Director: André Øvredal
Notable Cast: Zoe Colletti, Michael Garza, Austin Abrams, Gabriel Rush, Austin Zajur, Natalie Ganzhorn, Javier Botet, Mark Steger
I was quite hyped for this one. The source material for Scary Stories to Tell in the Dark was a cornerstone of my horror media upbringing, del Toro is sitting in the producer's chair, and director André Øvredal has proven to be something of a master in genre cinema with back to back classics in Troll Hunter and The Autopsy of Jane Doe. Naturally, that means it's bound to be generally underwhelming based on expectations versus the actual execution of the film. Even with that, the film ends up being a highly entertaining time for both kids and adults. It never quite finds the right balance, but strong set pieces and efficient pacing make it a solid fall film.

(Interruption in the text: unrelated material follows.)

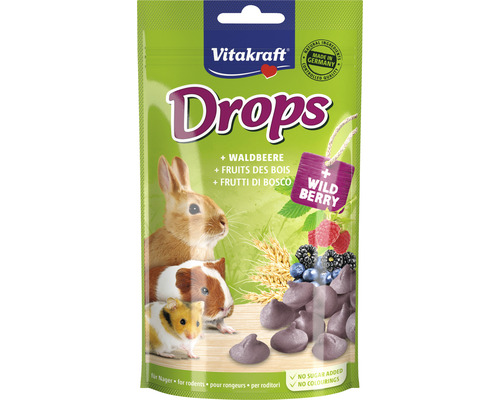 VITAKRAFT Knaagdierensnack bosbessendrops voor dwergkonijnen, 75 gr Vitakraft Drops bosvruchten voor knaagdieren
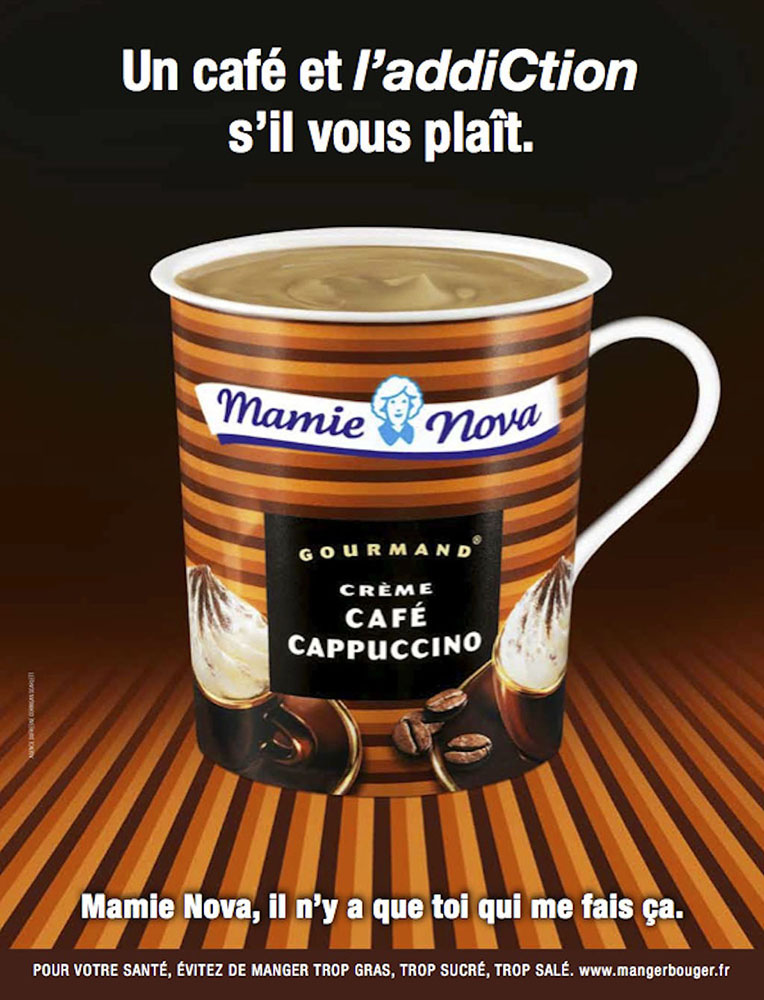 Publicité Mamie Nova - Annonces contextuelles - Café cappuccino - Un café et l'addiction s'il vous plaît - DufresneCorriganScarlett - 2013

Scary Stories to Tell in the Dark is, however, quite the enjoyable kid's horror film, inspired by the blend of child-friendly basic storytelling and stylish horror set-pieces based on the books with a hint of the iconic artwork that set aside the source material. At times, the film tries too hard to ride the line between a youth and adult film and a few moments in the film had me wondering why they didn't lean further both directions when needed. The overall Halloween and fall atmosphere is solid, as is the use of the 1968 setting to give it a slight fairy tale/fantasy vibe that I was genuinely impressed by. The overall plot feels pretty generic, obviously showing a love for 80s kid genre films like Monster Squad or The Goonies at times and the story that threads the set-pieces together is a tad too hollow - despite a great anchoring performance by Zoe Colletti and a surprisingly bold choice to parallel the events with layers about Vietnam and Richard Nixon.
The reason someone will want to see Scary Stories to Tell in the Dark, particularly in theaters, is for those horror set-pieces which are delightfully stylish, tense, and fun. Øvredal channels a bit of Sam Raimi here with key moments including a stew slurping sequence and the red soaked surrealism of the Pale Faced Woman in a hallway, but each of the "stories" has its own feel that sets them apart from the rest which works. The film never tries to just jump scare its audience, but instead builds some great tension before unleashing its monsters on the kids racing against time to solve the usual ghost story mystery. Øvredal knows how to build a strong horror sequence with atmosphere and set up (if you've seen Jane Doe - you already know this) and he gets to still utilize that even in a kid's film.
Had the basic foundational narrative and plot been stronger and not so heavily reliant on overused tropes, Scary Stories might have lived up to the immense creative forces that were assembling for it. Still, the 10-year-old in me delighted in seeing some of my favorite tales up on the silver screen and when the film needs to succeed - it does so with a sly wink and well-crafted moment.